HTS Overall Score:82

“Any Given Sunday” hails back to those days when Oliver Stone was actually good and on top of the world in his directing career. There was no million years of tinkering with failed films *cough, “Alexander” *cough, or making political movies that don’t jive with the viewer. It was also a time when football movies weren’t as wildly popular as they had been back in the 80s and early 90s. I grew up with the game, watching amateur, college, and professional football like a crazed fan and was on the couch with my father every Monday night for NFL games. Most football movies were inspirational epics, stories of valor and pulling yourself up from the bottom, full of likeable characters that you wanted to cheer for. “Any Given Sunday” shook up the playing field by showing the raw and nasty side of professional football, full of ego maniacs, old coaches and the arrogance that goes along with making millions on the field. Through all of this Oliver weaves a tale of ego, of deceit, and pure will power that may not always be likeable, but it’s enough to keep you spellbound for a 2 hour 37 minute runtime without even so much as a bathroom break.

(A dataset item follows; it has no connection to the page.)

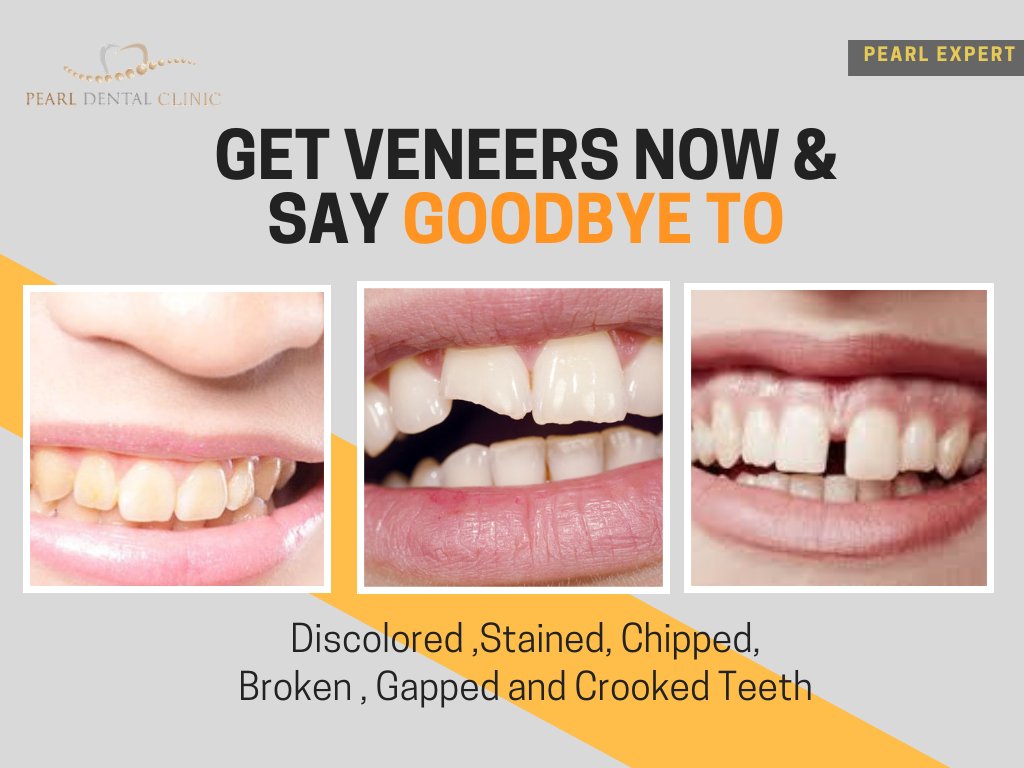 pearldentaldxb's tweet photo. Have you been hiding your smiles for years due to discolored, cracked or chipped teeth ??
#DentalVeneers #Veneers #TeethWhitening #HollywoodSmile #AsktheExpert #PearlDentalClinic #DentistDubai #BestDentalClinic #FriendlyDentist #businessBay #WaterCanal #BurjKhalifa #DubaiDental https://t.co/lWsevWDh3b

It’s 2001 and the Miami Sharks are struggling to make their playoffs. Coached by 30 year veteran Tony D’Amato (Al Pacino) they’re hovering one the edge of making it when their star quarterback, Jack Rooney (Dennis Quaid) gets taken out part way through the game. Minutes later their second string quarterback is taken out, leaving only the benched third string QB, Willie Beamen (Jamie Foxx) to take the field. Third string is usually the last of the last, but Beamen starts showing promise. While Jack Rooney is recovering, Beamen makes his play and shoots to stardom overnight. The only problem is that he thinks he’s the king of the castle and starts making the calls, bypassing the coaches, his players and all the known playbooks. Now he’s at a precipice, butting heads with his aging coach and struggling to deal with all the fame, the dreams the women and the money coming his way.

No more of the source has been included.